Exercise goal: Find the line that contains "A bedroom with" in the records below, then repeat exactly that line and each one after it, leaving pictures out.

+ + + +

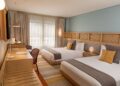Hotel room with two twin beds, a light wood headboard, and pastel blue wall; desk, chair, and a window with sheer curtains in the background.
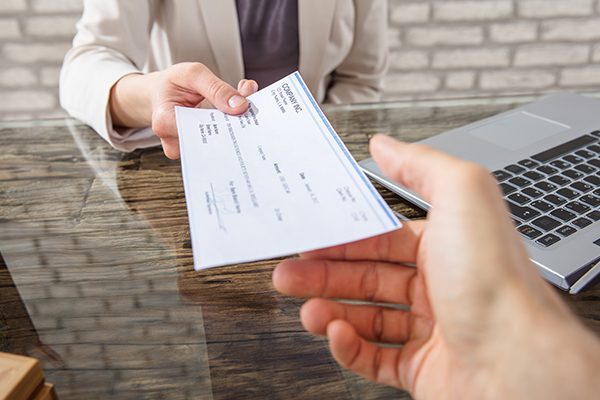 Person being handed a check for their workers' compensation settlement.
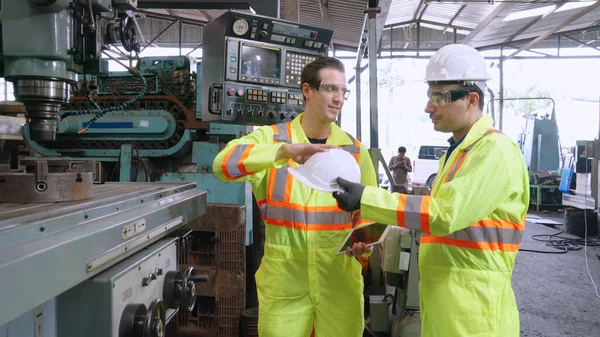Factory worker warn coworker about safety and give hardhat to him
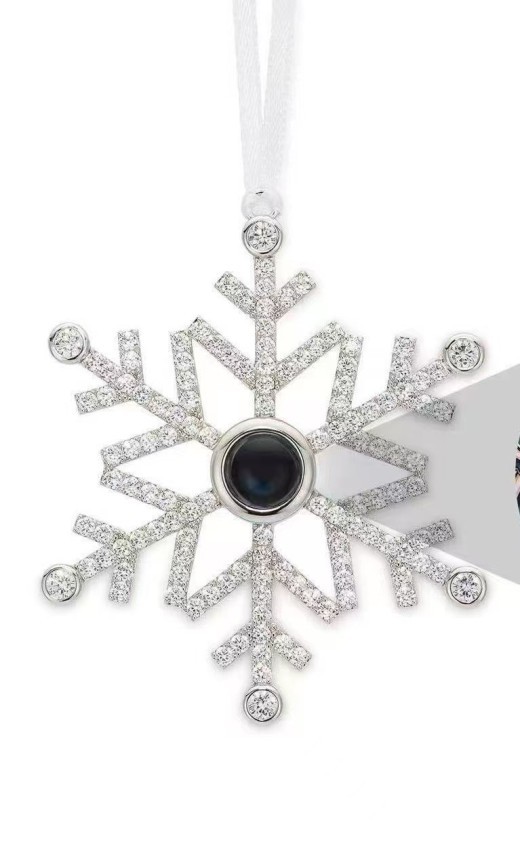 Colgante de copo de nieve con proyección de regalo de Navidad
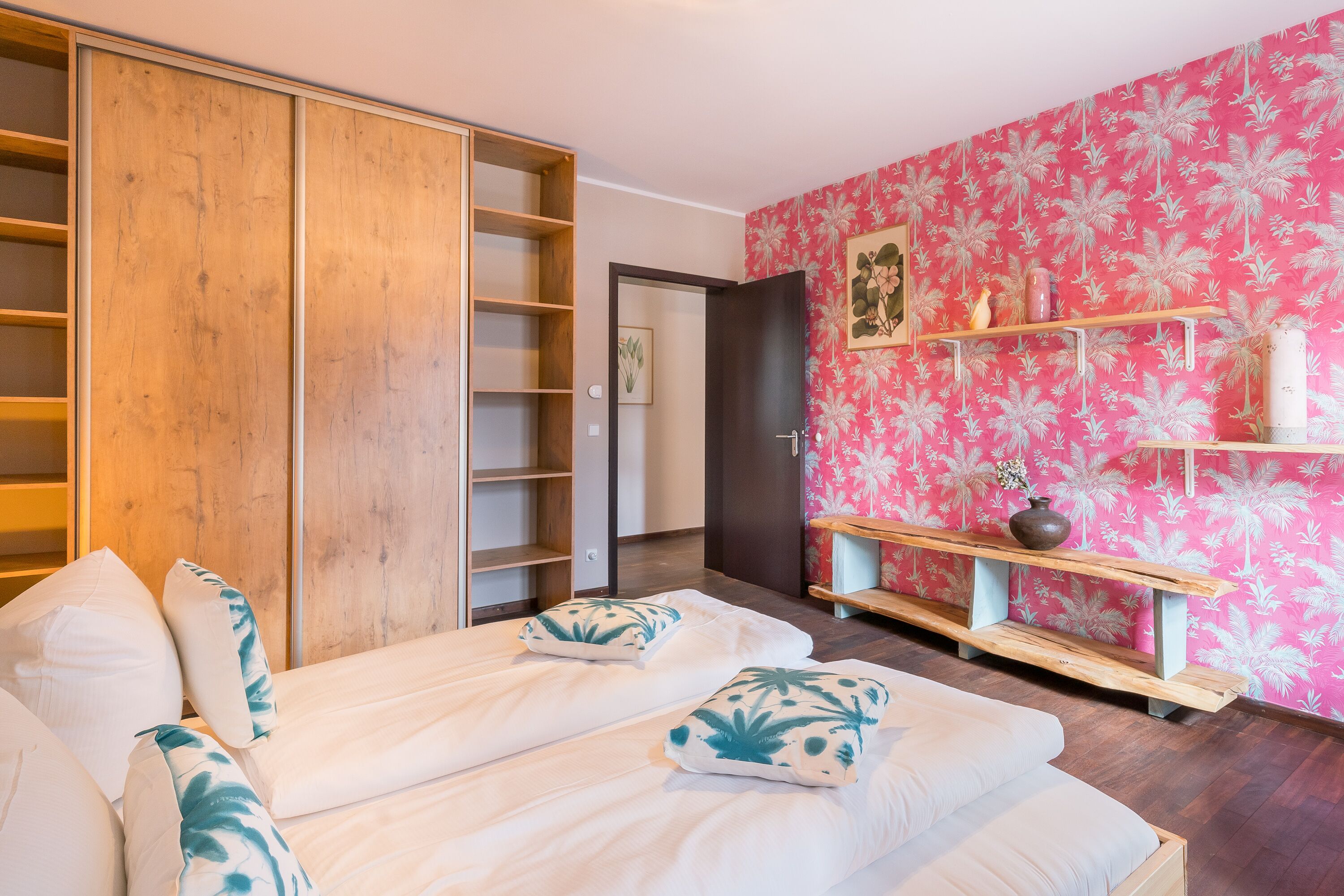 A bedroom with a bed, a wardrobe, and a pink floral wall.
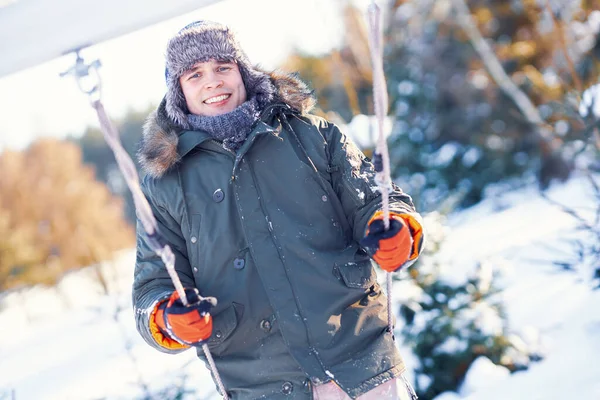 Νεαρός όμορφος άντρας διασκεδάζει στο swing στο χειμερινό τοπίο — Φωτογραφία Αρχείου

+ + + +

Problem solution:
 A bedroom with a bed, a wardrobe, and a pink floral wall.
 Νεαρός όμορφος άντρας διασκεδάζει στο swing στο χειμερινό τοπίο — Φωτογραφία Αρχείου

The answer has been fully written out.